The New York Federal Reserve and a group of financial institutions announced the successful conclusion of a proof-of-concept of the Regulated Liability Network (RLN), which contemplates the introduction of a dollar-based interbank central bank digital currency (CBDC). The test concluded that, using the RLN, the proposed CBDC might allow for near real-time dollar payments and cross-border settlements.
New York Federal Reserve and Bank Working Group Finish Programmable Dollar-Based Wholesale CBDC Test
The New York Federal Reserve and other banks and payment firms have announced the conclusion of a 12-week proof-of-concept test of the Regulated Liability Network (RLN), a system using shared ledger technology to provide programmability to regulated money.
The working group, comprising BNY Mellon, Citi, HSBC, Mastercard, PNC Bank, TD Bank, Truist, U.S. Bank, and Wells Fargo, examined the performance of a dollar-based wholesale central bank digital currency (CBDC) in different use cases.
The role of the Federal Reserve New York Innovation Center was “limited to the simulated operation of tokenized central bank deposits as a settlement asset,” according to the released report. Furthermore, the document clarifies that this participation is “not intended to advance any specific policy outcome, nor to signal that the Federal Reserve will make any imminent decisions about the appropriateness or design of tokenized central bank deposits or wholesale CBDC.”
Examined Use Cases
One of the use cases for the system had to do with examining the performance of the dollar-based CBDC as a tool to complete domestic interbank payments (such as Fednow), concluding that it “could operate successfully as a payment system on a new technology platform.”
The second use case examined in the proof-of-concept pilot test had to do with using the designed dollar CBDC as an instrument for offshore settlements, finding that its usage could “improve cross-border payments through the orchestration of customer payments and settlements across the payment chain, and the introduction of parallel processing of payment proposals.”

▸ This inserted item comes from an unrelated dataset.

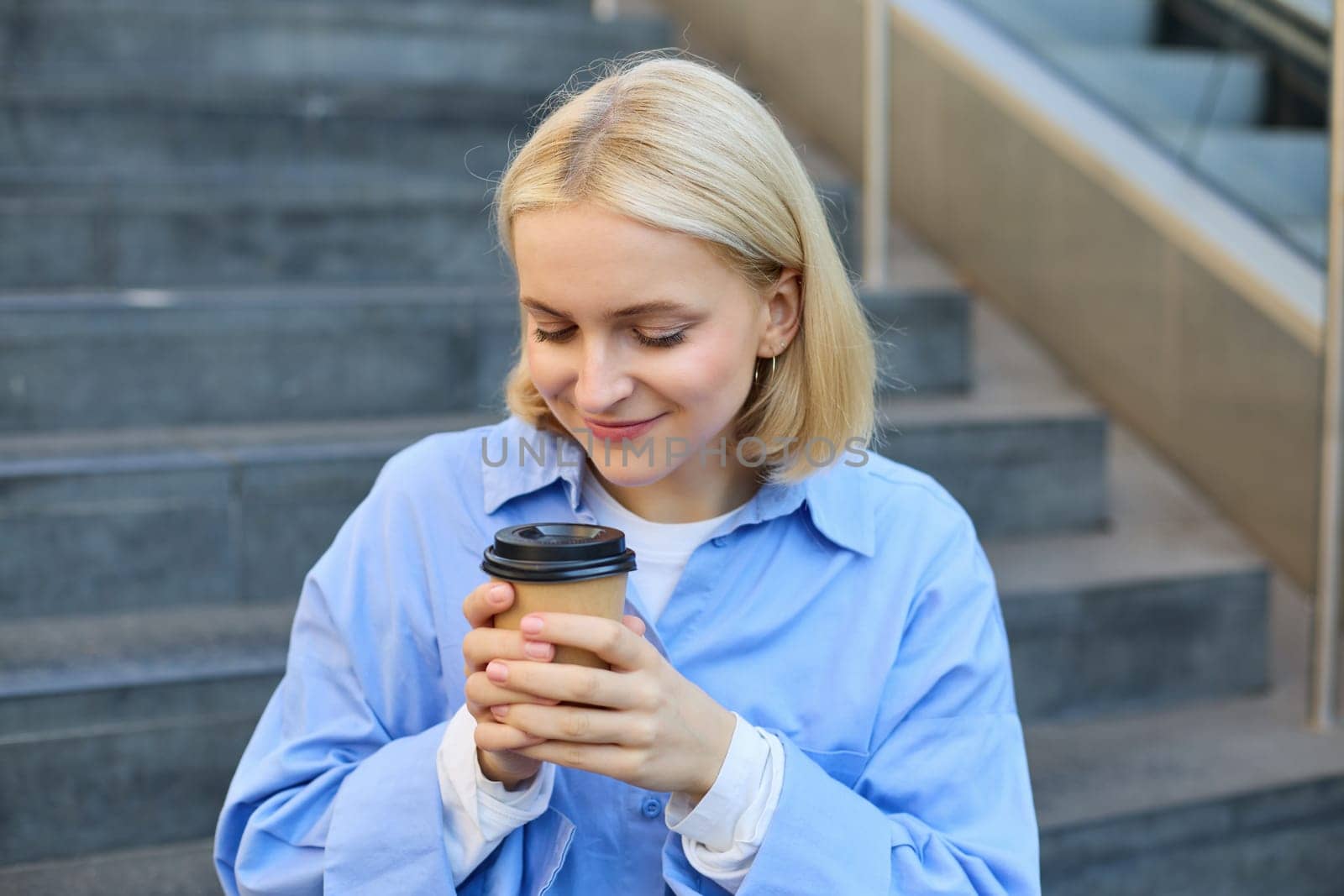 Close up portrait of beautiful, smiling blonde woman, student sitting on stairs outside campus, drinking takeaway coffee, warm-up her hands while holding a cup.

One of the supposed benefits of adopting the proposed system would be the high availability and interoperability of the liquidity stored in the form of CBDC, allowing for 24/7 movements across baking entities of different countries. On this, Isabel Schmidt, co-head of payments products at BNY Mellon, stated:
It is incumbent upon our industry to expand the availability and efficiency of dollars for all our clients across the globe, particularly given the U.S. dollar’s vital role in global payments, trade, and financial markets.